BRIEF:
Give the lines below again, exactly as they stand, and leave out the images.

INPUT DATA:
● ● ● ●
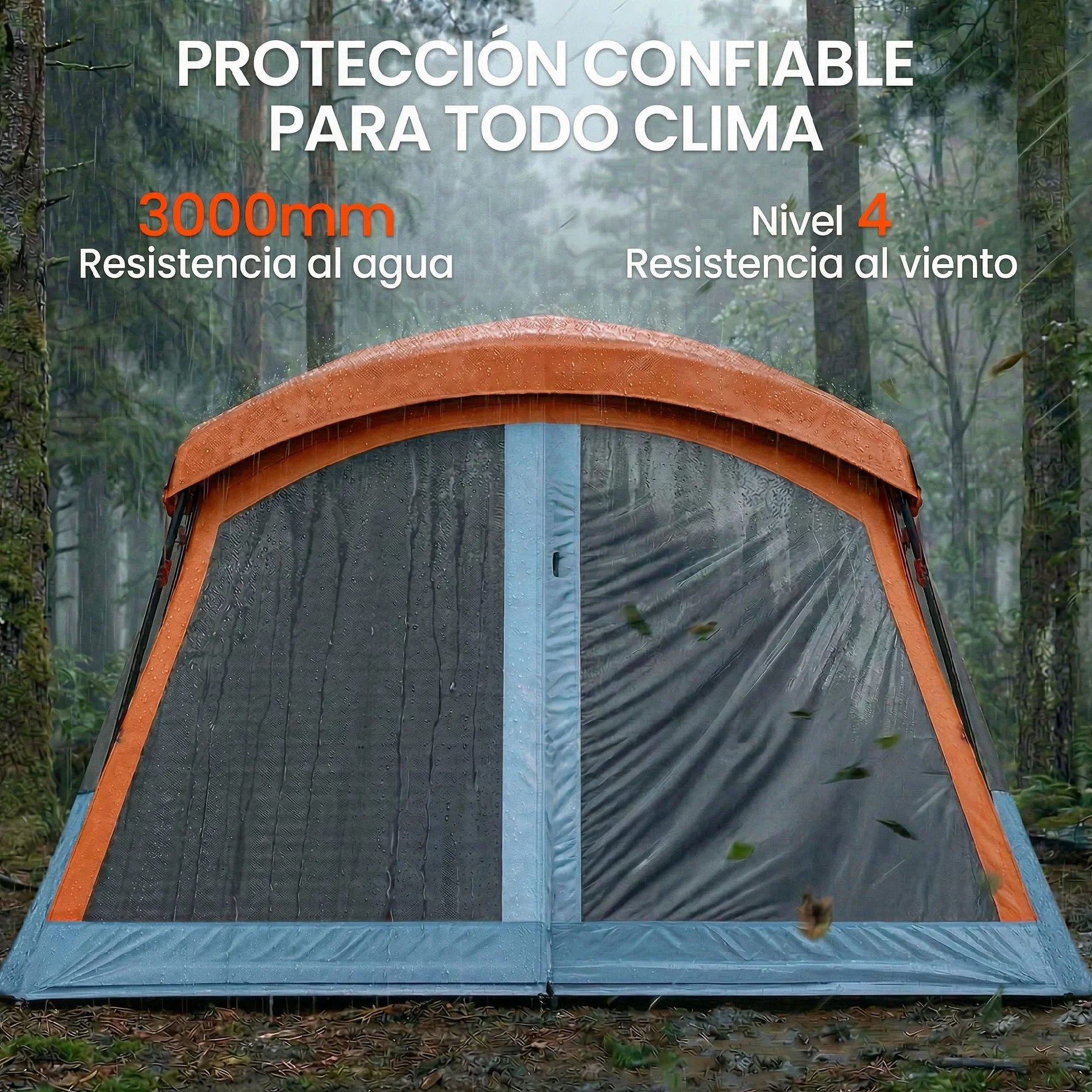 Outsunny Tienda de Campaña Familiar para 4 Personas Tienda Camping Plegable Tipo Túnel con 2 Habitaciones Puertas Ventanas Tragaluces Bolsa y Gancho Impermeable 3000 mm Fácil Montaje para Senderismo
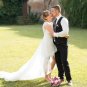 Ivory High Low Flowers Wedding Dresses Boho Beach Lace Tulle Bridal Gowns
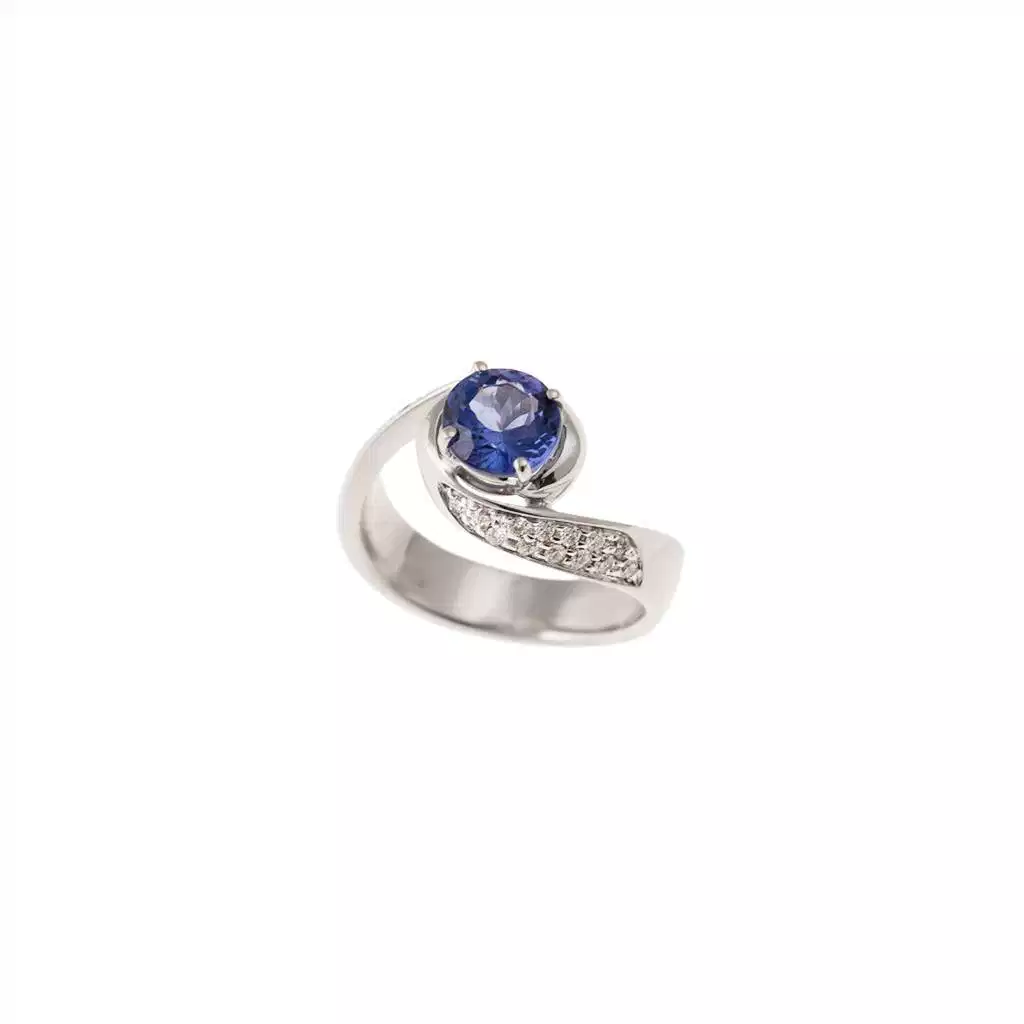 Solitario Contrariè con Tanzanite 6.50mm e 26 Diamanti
● ● ● ●
ANSWER SPACE:
 Outsunny Tienda de Campaña Familiar para 4 Personas Tienda Camping Plegable Tipo Túnel con 2 Habitaciones Puertas Ventanas Tragaluces Bolsa y Gancho Impermeable 3000 mm Fácil Montaje para Senderismo
 Ivory High Low Flowers Wedding Dresses Boho Beach Lace Tulle Bridal Gowns
 Solitario Contrariè con Tanzanite 6.50mm e 26 Diamanti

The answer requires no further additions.